Exercise brief: Only the opening lines of the listing, through the one with "New 2026 GMC", are to be retyped, each exactly as it stands.
● ● ●
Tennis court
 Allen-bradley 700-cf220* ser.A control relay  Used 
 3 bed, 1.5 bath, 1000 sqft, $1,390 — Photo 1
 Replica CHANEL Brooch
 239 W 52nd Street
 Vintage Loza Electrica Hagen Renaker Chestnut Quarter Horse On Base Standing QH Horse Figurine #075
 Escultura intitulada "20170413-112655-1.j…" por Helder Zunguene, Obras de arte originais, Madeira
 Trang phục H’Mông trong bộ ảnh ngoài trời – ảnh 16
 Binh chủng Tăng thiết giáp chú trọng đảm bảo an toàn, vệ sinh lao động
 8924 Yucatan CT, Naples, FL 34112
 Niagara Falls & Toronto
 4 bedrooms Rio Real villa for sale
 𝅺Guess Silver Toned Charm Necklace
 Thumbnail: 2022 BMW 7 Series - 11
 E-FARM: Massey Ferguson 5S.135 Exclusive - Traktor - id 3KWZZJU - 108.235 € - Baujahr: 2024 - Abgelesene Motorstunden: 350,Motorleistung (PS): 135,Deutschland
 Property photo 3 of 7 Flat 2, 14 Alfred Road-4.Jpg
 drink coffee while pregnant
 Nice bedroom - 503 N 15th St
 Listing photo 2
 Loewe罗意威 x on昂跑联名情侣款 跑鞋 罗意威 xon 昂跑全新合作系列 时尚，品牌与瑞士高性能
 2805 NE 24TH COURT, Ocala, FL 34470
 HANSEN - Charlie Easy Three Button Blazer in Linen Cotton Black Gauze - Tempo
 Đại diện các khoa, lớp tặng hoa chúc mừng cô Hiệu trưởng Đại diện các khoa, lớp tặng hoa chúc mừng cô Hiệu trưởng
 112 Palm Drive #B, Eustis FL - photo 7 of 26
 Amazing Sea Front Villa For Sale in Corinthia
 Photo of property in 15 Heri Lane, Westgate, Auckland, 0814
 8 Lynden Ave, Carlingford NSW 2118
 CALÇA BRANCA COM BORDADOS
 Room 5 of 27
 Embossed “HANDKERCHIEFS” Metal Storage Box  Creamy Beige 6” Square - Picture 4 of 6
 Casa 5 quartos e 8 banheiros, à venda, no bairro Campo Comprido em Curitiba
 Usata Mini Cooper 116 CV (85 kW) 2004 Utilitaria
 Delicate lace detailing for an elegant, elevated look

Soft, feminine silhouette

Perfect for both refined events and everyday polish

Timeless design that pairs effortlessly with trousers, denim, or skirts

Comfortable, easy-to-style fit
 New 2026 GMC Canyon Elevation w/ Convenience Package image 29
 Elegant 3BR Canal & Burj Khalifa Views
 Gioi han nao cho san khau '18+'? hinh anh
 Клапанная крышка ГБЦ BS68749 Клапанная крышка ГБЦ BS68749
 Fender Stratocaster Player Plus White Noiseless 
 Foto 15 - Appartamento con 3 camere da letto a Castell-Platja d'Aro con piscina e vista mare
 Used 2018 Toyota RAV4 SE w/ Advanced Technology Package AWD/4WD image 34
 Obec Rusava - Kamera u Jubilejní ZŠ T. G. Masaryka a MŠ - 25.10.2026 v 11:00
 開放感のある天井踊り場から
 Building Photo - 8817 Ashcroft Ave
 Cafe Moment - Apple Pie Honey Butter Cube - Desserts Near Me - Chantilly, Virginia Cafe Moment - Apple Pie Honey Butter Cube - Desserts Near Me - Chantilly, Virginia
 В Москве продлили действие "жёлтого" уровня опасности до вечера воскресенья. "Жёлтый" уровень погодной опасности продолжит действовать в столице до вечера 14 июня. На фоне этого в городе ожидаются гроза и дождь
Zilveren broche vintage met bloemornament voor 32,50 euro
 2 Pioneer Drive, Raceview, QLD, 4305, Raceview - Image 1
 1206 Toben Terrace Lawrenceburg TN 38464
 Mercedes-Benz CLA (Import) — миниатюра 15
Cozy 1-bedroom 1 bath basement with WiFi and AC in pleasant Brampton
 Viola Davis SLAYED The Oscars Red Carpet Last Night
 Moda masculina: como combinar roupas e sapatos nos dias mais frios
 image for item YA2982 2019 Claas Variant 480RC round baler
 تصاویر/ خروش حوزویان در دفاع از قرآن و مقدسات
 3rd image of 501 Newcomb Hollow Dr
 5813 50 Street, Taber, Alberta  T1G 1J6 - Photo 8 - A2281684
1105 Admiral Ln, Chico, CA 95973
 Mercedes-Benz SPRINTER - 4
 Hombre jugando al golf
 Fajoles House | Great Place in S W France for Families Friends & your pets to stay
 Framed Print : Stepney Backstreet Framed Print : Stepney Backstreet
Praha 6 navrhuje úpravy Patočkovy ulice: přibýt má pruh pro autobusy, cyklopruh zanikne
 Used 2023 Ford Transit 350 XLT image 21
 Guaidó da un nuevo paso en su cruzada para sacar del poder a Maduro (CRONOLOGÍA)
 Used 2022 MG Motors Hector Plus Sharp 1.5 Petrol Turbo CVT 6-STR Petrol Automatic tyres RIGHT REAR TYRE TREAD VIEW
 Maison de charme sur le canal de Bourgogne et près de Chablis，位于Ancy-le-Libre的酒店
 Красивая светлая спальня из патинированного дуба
● ● ●
Expected answer:
Tennis court
 Allen-bradley 700-cf220* ser.A control relay  Used 
 3 bed, 1.5 bath, 1000 sqft, $1,390 — Photo 1
 Replica CHANEL Brooch
 239 W 52nd Street
 Vintage Loza Electrica Hagen Renaker Chestnut Quarter Horse On Base Standing QH Horse Figurine #075
 Escultura intitulada "20170413-112655-1.j…" por Helder Zunguene, Obras de arte originais, Madeira
 Trang phục H’Mông trong bộ ảnh ngoài trời – ảnh 16
 Binh chủng Tăng thiết giáp chú trọng đảm bảo an toàn, vệ sinh lao động
 8924 Yucatan CT, Naples, FL 34112
 Niagara Falls & Toronto
 4 bedrooms Rio Real villa for sale
 𝅺Guess Silver Toned Charm Necklace
 Thumbnail: 2022 BMW 7 Series - 11
 E-FARM: Massey Ferguson 5S.135 Exclusive - Traktor - id 3KWZZJU - 108.235 € - Baujahr: 2024 - Abgelesene Motorstunden: 350,Motorleistung (PS): 135,Deutschland
 Property photo 3 of 7 Flat 2, 14 Alfred Road-4.Jpg
 drink coffee while pregnant
 Nice bedroom - 503 N 15th St
 Listing photo 2
 Loewe罗意威 x on昂跑联名情侣款 跑鞋 罗意威 xon 昂跑全新合作系列 时尚，品牌与瑞士高性能
 2805 NE 24TH COURT, Ocala, FL 34470
 HANSEN - Charlie Easy Three Button Blazer in Linen Cotton Black Gauze - Tempo
 Đại diện các khoa, lớp tặng hoa chúc mừng cô Hiệu trưởng Đại diện các khoa, lớp tặng hoa chúc mừng cô Hiệu trưởng
 112 Palm Drive #B, Eustis FL - photo 7 of 26
 Amazing Sea Front Villa For Sale in Corinthia
 Photo of property in 15 Heri Lane, Westgate, Auckland, 0814
 8 Lynden Ave, Carlingford NSW 2118
 CALÇA BRANCA COM BORDADOS
 Room 5 of 27
 Embossed “HANDKERCHIEFS” Metal Storage Box  Creamy Beige 6” Square - Picture 4 of 6
 Casa 5 quartos e 8 banheiros, à venda, no bairro Campo Comprido em Curitiba
 Usata Mini Cooper 116 CV (85 kW) 2004 Utilitaria
 Delicate lace detailing for an elegant, elevated look

Soft, feminine silhouette

Perfect for both refined events and everyday polish

Timeless design that pairs effortlessly with trousers, denim, or skirts

Comfortable, easy-to-style fit
 New 2026 GMC Canyon Elevation w/ Convenience Package image 29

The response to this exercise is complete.